Ich bin lieber unnütz und scheiße und dünn als unnütz und scheiße und fett, ist das so schwer zu begreifen?
Und schlafen werde ich diese Nacht wohl auch nicht mehr.
Also, halten wir fest: Er hat Recht, ich habe schon viel zu viele Kliniken aufgesucht. Ich habe mit meiner Magersucht schon viel zu viel Leid erst über meine Familie und adann auch über ihn gebracht. Sorgenvolle Blicke, Streitigkeiten, meine Mutter in Tränen aufgelöst, meine Schwester wütend, ihn selbst verraten.
Ich habe aus Wut und Trotz und Selbsthass vor genau einem Jahr 20 kg zugenommen, um ihnen allen in die Fresse zu treten.
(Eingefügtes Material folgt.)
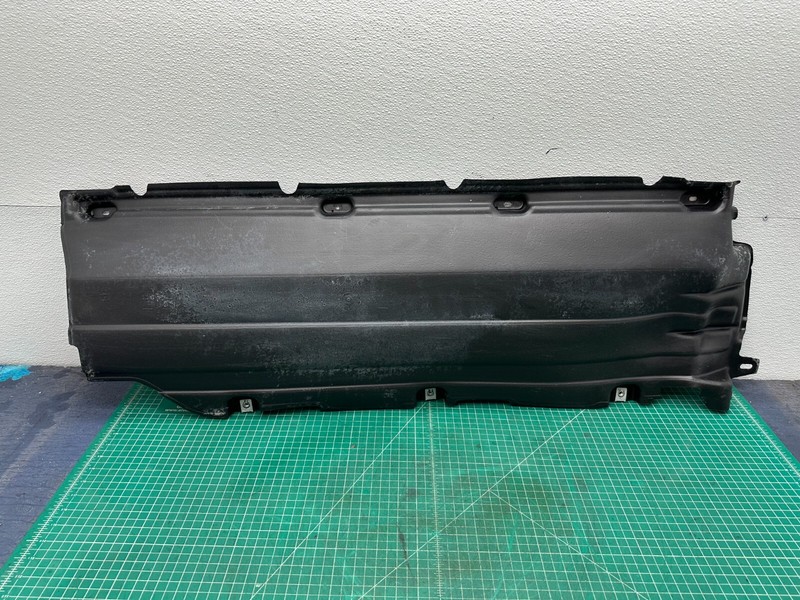 14-15 FIAT 500e ENGINE RIGHT SIDE PROTECTION BELLY PAN SHIELD SPLASH GUARD OEM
Und ganz plötzlich war ich wieder "normal". Klar, depressiv, Arme aufgeschlitzt und all das, aber ich war normalgewichtig. Und alle, alle konnten aufatmen. Ich habe die Schule geschmissen, das begabte Kind boykottiert das Leben. Auch damit konnte mein Umfeld sich arrangieren.
Dass ich das ganze letzte Jahr ausschließlich mit meinem Körper gekämpft habe, wollten sie nicht sehen. Wenn ich ein paar Kilos verlor, wurde das zur Kenntnis genommen in der Hoffnung, dass ich durch Fressanfälle ohnehin früher oder später wieder bei über sechzig Kilo sein würde.
Jetzt, so wie ich hier sitze, will ich nichts mehr als dass es endlich wieder klappt. Wie das klingt.
Hirnkotze. Ich will es schaffen, was immer ES auch sein mag.
ES bedeutet nicht, ich bin dann mal glücklich mit meinem Körper und alles wird supi.
Es bedeutet vielleicht, ich will noch einmal (aber das wage ich kaum zu denken) unter die 40 kg-Grenze kommen und ein paar wundervolle Monate in der Lüneburger Heide verbringen, mit Tellerservice und Spätmahlzeiten und Kartenspielen und kontrolliertem Zunehmen.
ES bedeutet, Knochen sehen. Schön sein. Modeln.
Es bedeutet nicht, zu sterben, sondern zu Leben. Zu essen und trotzdem dünn zu sein.
Wie erreichen wir das, werte Expertin?
Im Grunde gibt es nur die Möglichkeit, abzunehmen - und zwar so viel, dass die paar Kilos, die man (also ich) durch das "wieder-normal-Essen" automatisch zunimmt, nicht so schlimm sind. Den "Kohl nicht mehr fett" machen, wie der Hesse sagt.
Was würden Sie tun, wenn ihr Freund die Drohung wahrmachen würde? Wenn er sich trennt, falls Sie weiter abnehmen?
Nun. Ich... Ich weiß es nicht. Was bin ich schon ohne ihn?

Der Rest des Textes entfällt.